The phrase "it's in the family" could begin to describe the wines of Suzanne and Pierre Arnold but it wouldn't fully do them justice. Their roots are deep — three centuries deep — in the medieval town of Dambach-la-Ville, which teeters culturally on the edge of France and Germany and physically on the eastern slopes of the Vosges mountains. Pierre's family has been making wine here since 1711. He took over 274 years later, in 1985.

Their children and grandchildren have gone on to live in the modern world but Suzanne and Pierre remain firmly planted here, with Suzanne manning their tiny tasting room (in our memory, illuminated by candelight) and Pierre scuttling through the cellar and the vines, where he feels most comfortable. They are of another time but most definitely of this place, which you're reminded of the moment you discern the chalk scrawled on their barrels: "Nous empruntons à nos ancêstres" (we are borrowing from our ancestors).

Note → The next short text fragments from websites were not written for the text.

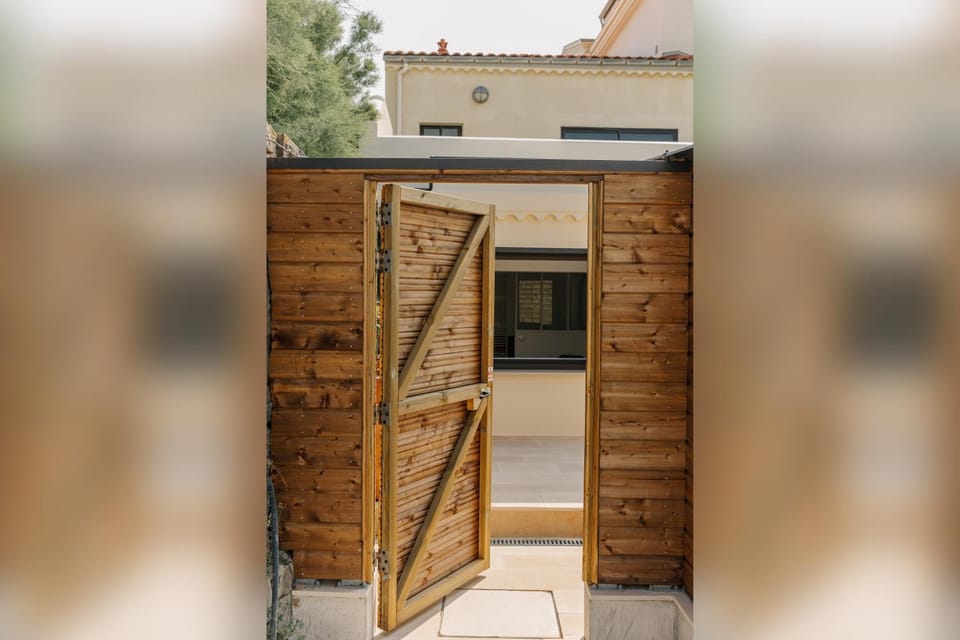 Patio, Facade/entrance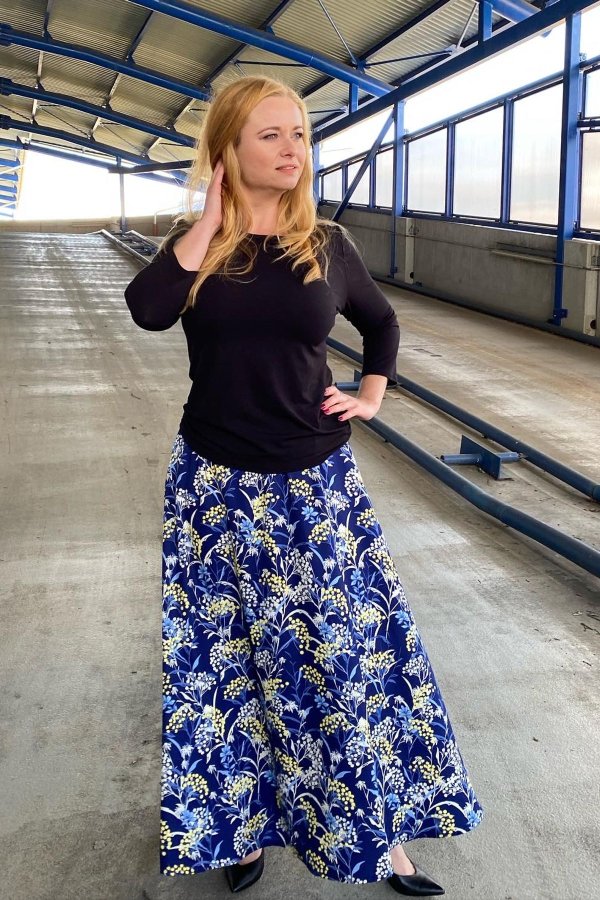 Dlouhá sukně - barevné květy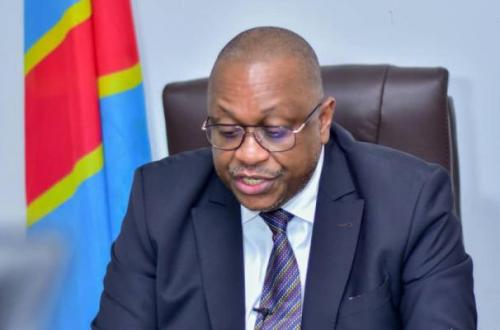 <p>Grève dans le secteur de la santé : Le ministre Mbungani encouragé à poursuivre les discussions</p>
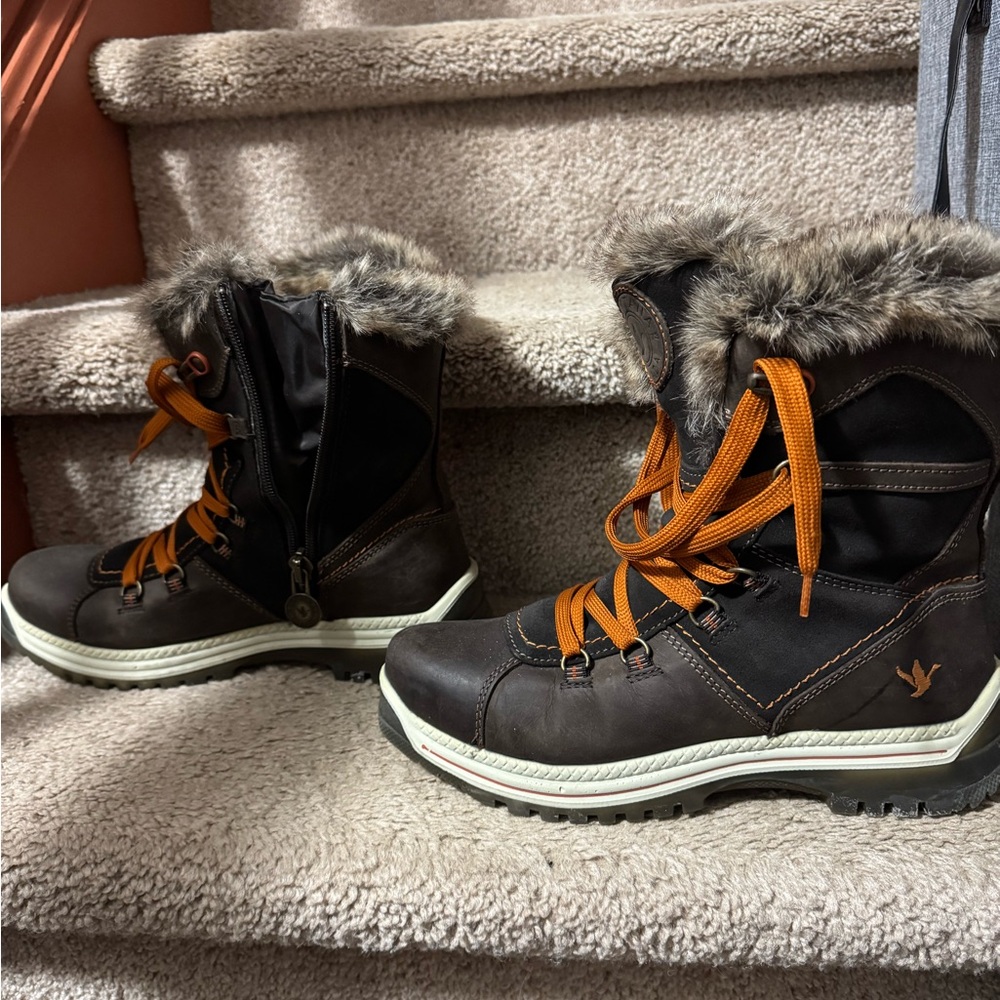 Santana Canada Faux Fur Lined Boots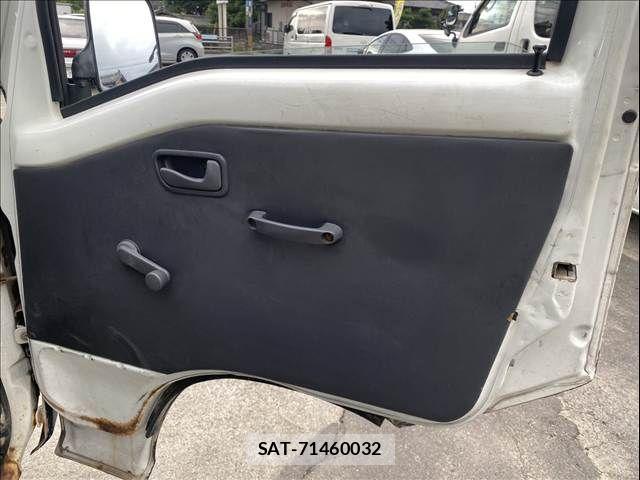 Subaru SAMBAR TRUCK 2002-06 8132533-24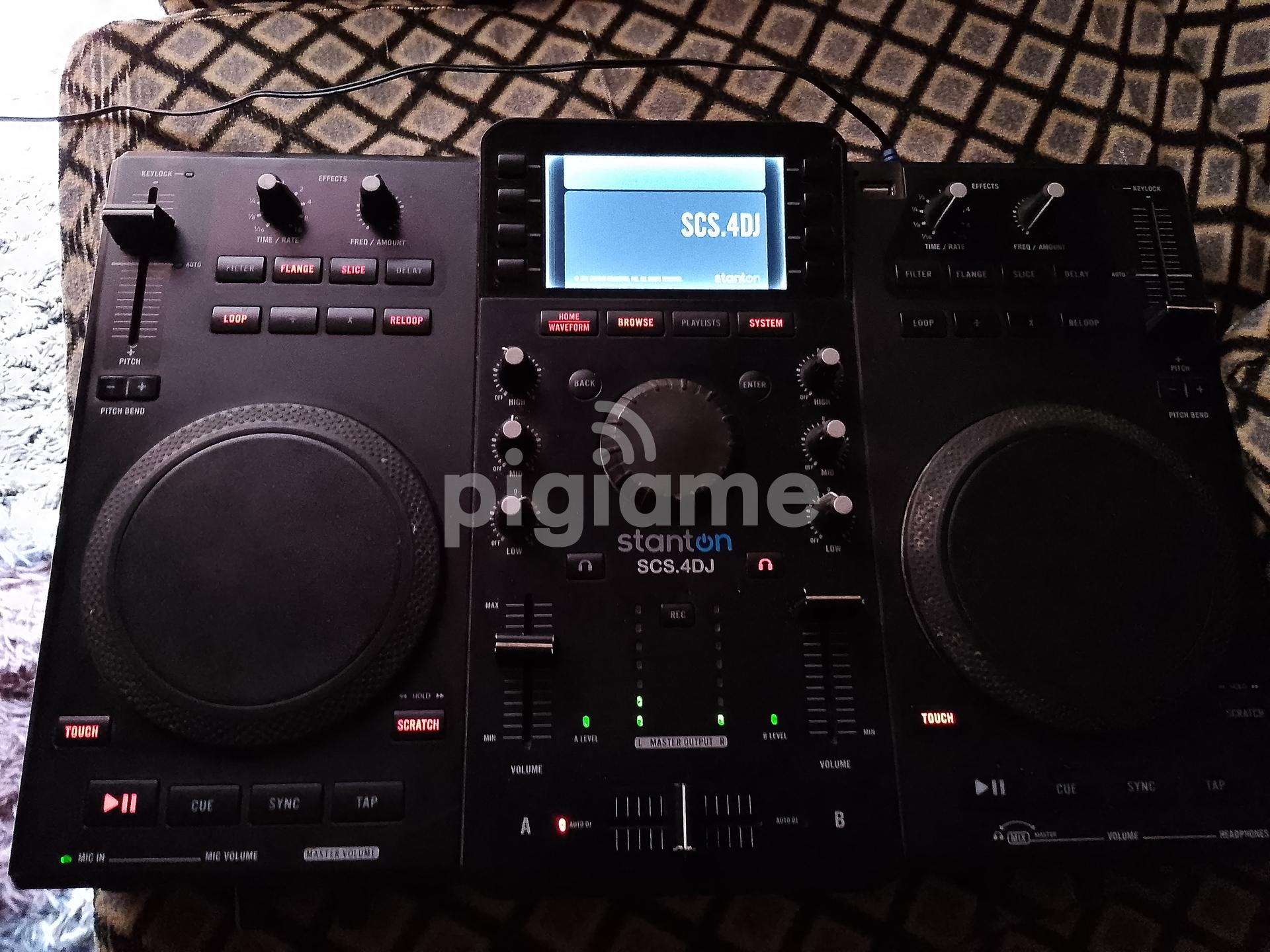 Stanton Scs 4Dj Dj Controller Black Touch Jog Wheels in Kiambu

The family's eight hectares of vines sit on a mixture of granite and various types of mica that retain heat and let water filter through. Tasting their wine, you have the impression it was squeezed from these stones — after all, Pierre insists "c'est pas la cave qui fait du vin. C'est la vigne" (wine is not made in the cellar; it’s made in the vineyard). In his eyes, it is a conduit to the past, a liquid imprint: from their stately, grandma-chic Tricentenaire (a cuvée of Pinot Gris they dreamed up to commemorate their 300 year anniversary) to their salt of the earth Pinot Noir élevé en pièces (which we nicknamed 'Droit Comme un I' — straight as an arrow) to their Diamant Liquide - Riesling en Barrique (Pierre's experimental barrel of Riesling sur lie which tastes, in our mind's eye, of liquid diamonds). Perhaps most emblematic is their Vin Nature—all jasmine and lavender on the palate—so named when they realized there was a word for what they'd been making for centuries.